Image-text web data

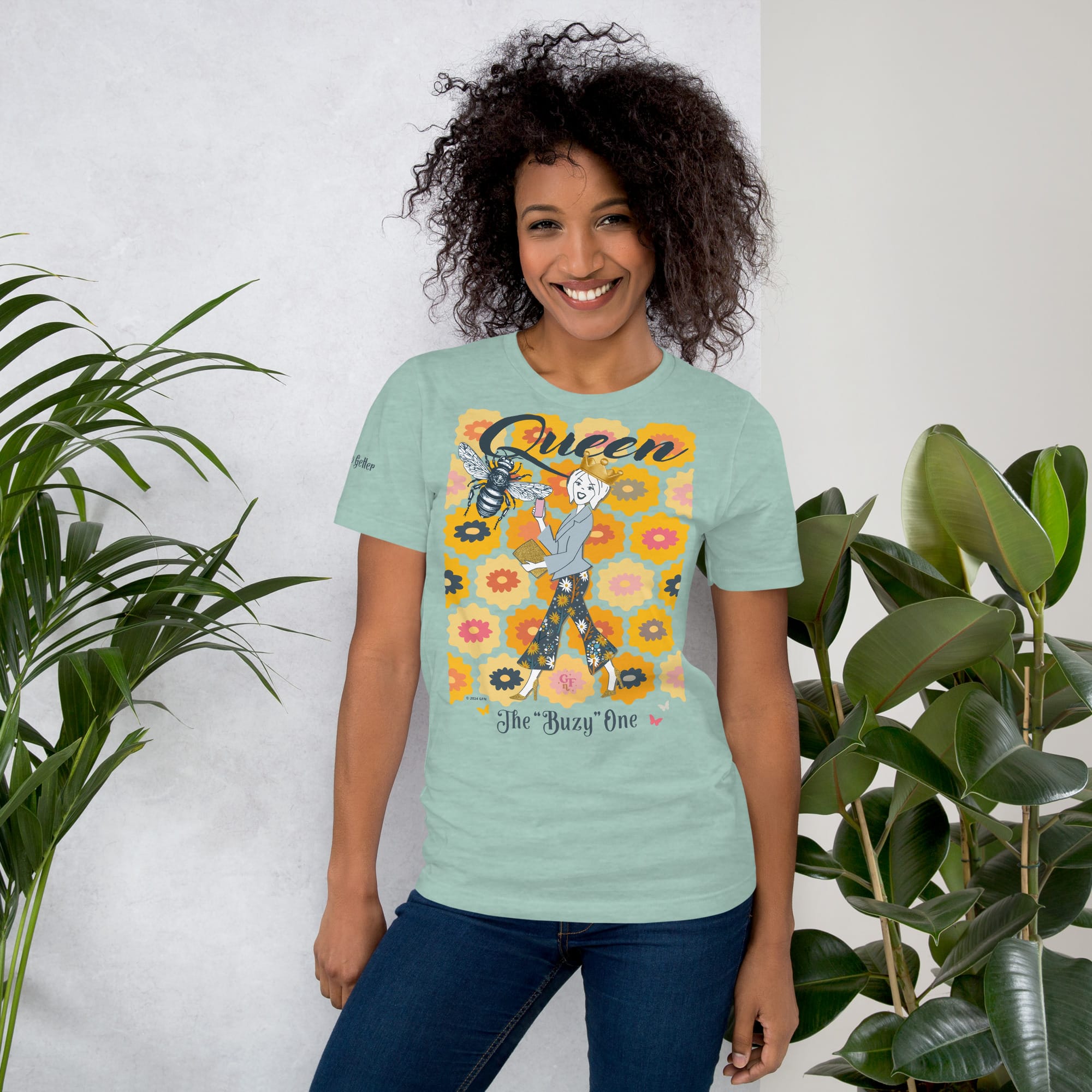 Ms. Go Getter Perfect Tee - Image 4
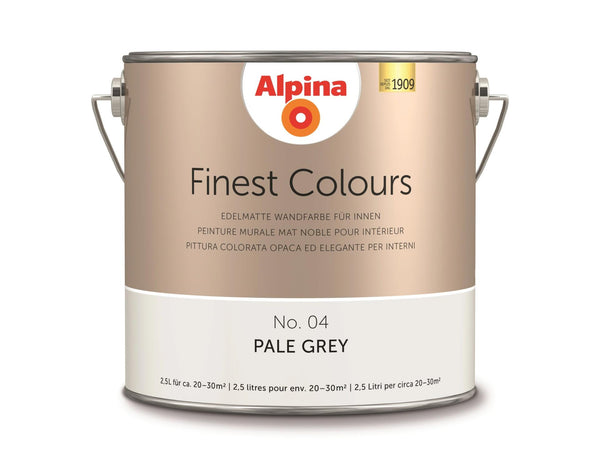 Alpina muurverf Pale Grey 2,5l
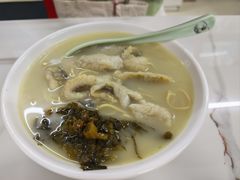 招牌黄鱼面-明呈黄鱼面馆(斜土路店)
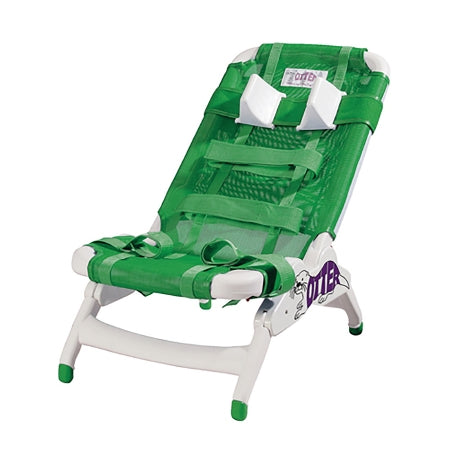 Seated Bathing System Otter Green / White Plastic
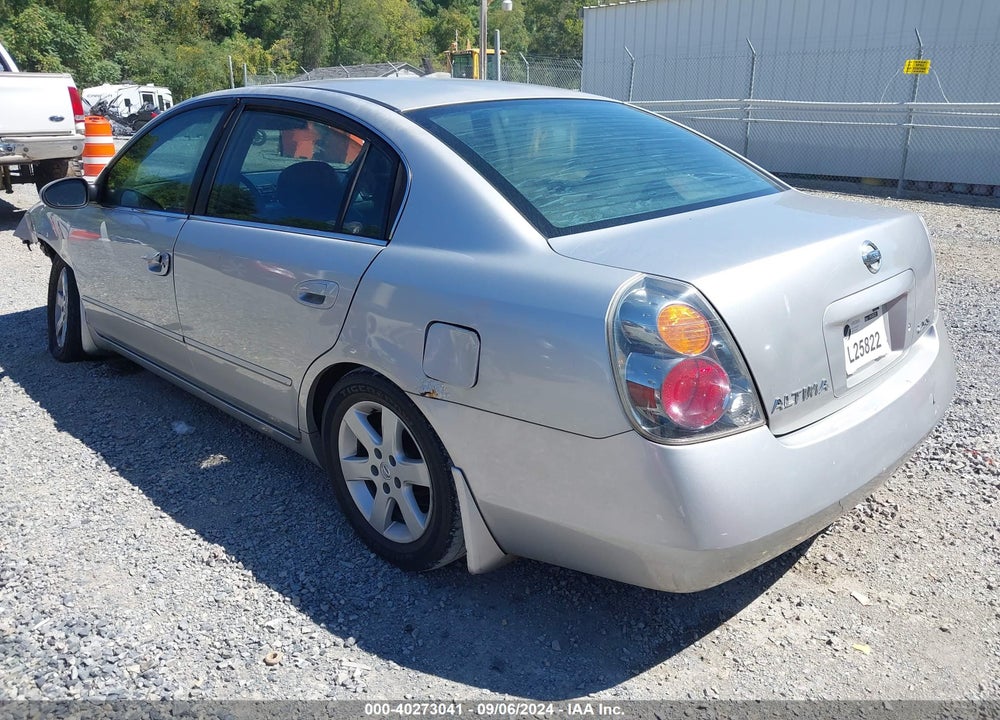 2003 NISSAN ALTIMA 2.5 S VIN: 1N4AL11D83C333946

> _EXERCISE_: Leaving out the pictures, restate word for word the lines above from the one containing "Seated Bathing System" through the end of the records, both ends included.

> _ANSWER TO THIS EXERCISE_:
 Seated Bathing System Otter Green / White Plastic
 2003 NISSAN ALTIMA 2.5 S VIN: 1N4AL11D83C333946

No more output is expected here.